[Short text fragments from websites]
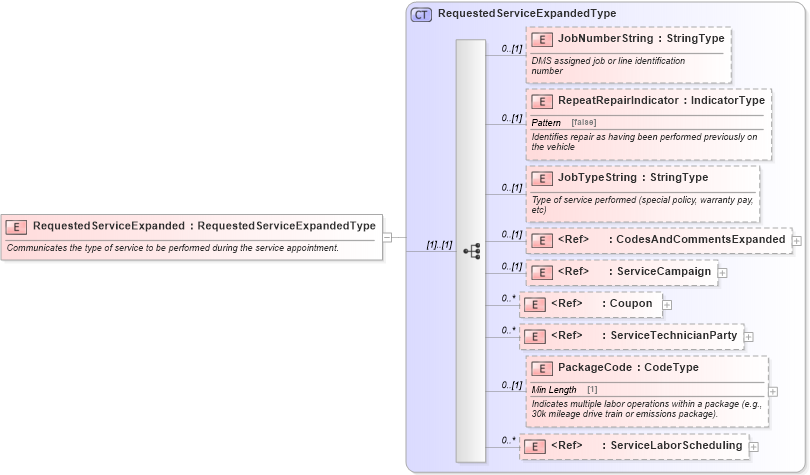 XSD Diagram of RequestedServiceExpanded in schema components_xsd (Standards for Technology in Automotive Retail)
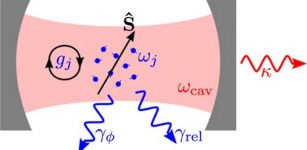 The mode is depicted here as a resonant mode of a photonic cavity but we could use a wide variety of systems (e.g., microwave or mechanical modes). The energy decay rate of the bosonic mode is κ and each spin may undergo local relaxation or dephasing processes at rates γrel or γϕ, respectively. Credit: PRX Quantum (2022). DOI: 10.1103/PRXQuantum.3.030330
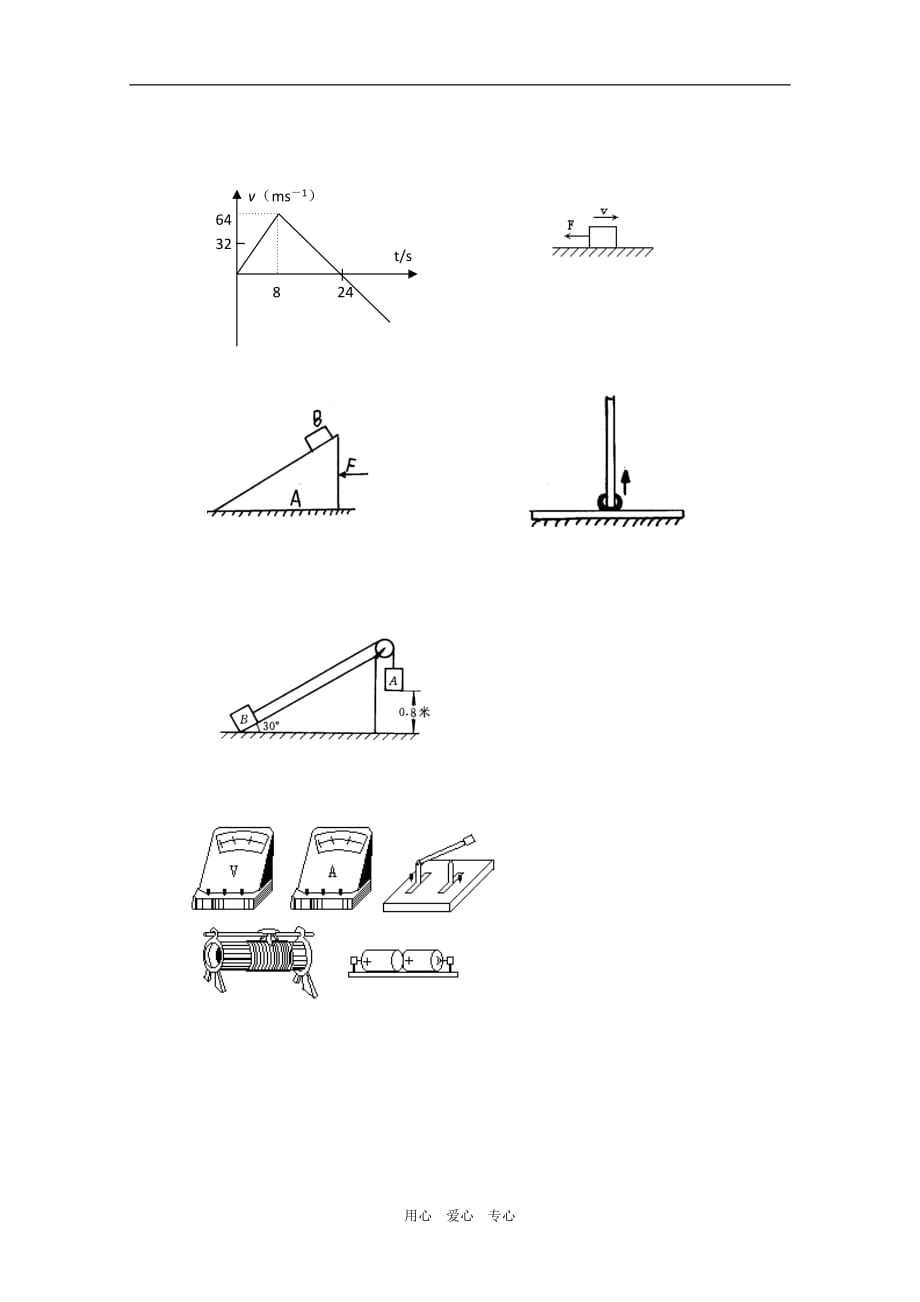 高中物理教学常用图片（十一） 素材_第2页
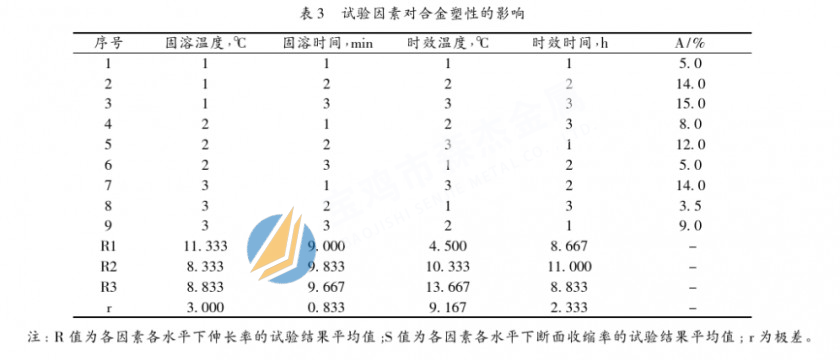 新锦江网址(中国游)有限公司官方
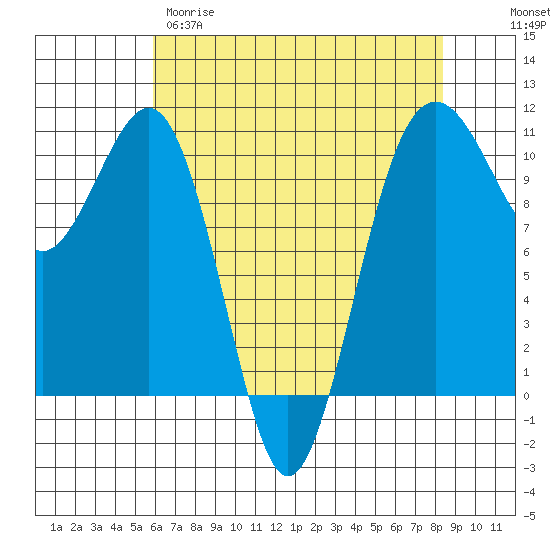 Tide chart for Holmes Harbor, Freeland Park on 2025/04/29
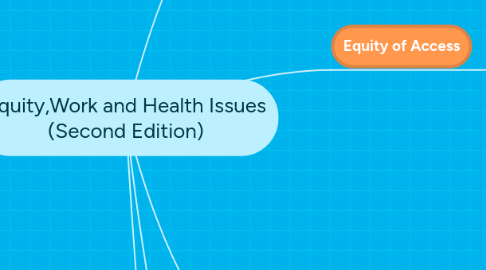 Mind Map: Equity,Work and Health Issues (Second Edition)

Your goal:
Copy the records above from the first line through the line containing "高中物理教学常用图片（十一） 素材_第2页", both included, and leave out any pictures.

Exercise answer:
 XSD Diagram of RequestedServiceExpanded in schema components_xsd (Standards for Technology in Automotive Retail)
 The mode is depicted here as a resonant mode of a photonic cavity but we could use a wide variety of systems (e.g., microwave or mechanical modes). The energy decay rate of the bosonic mode is κ and each spin may undergo local relaxation or dephasing processes at rates γrel or γϕ, respectively. Credit: PRX Quantum (2022). DOI: 10.1103/PRXQuantum.3.030330
 高中物理教学常用图片（十一） 素材_第2页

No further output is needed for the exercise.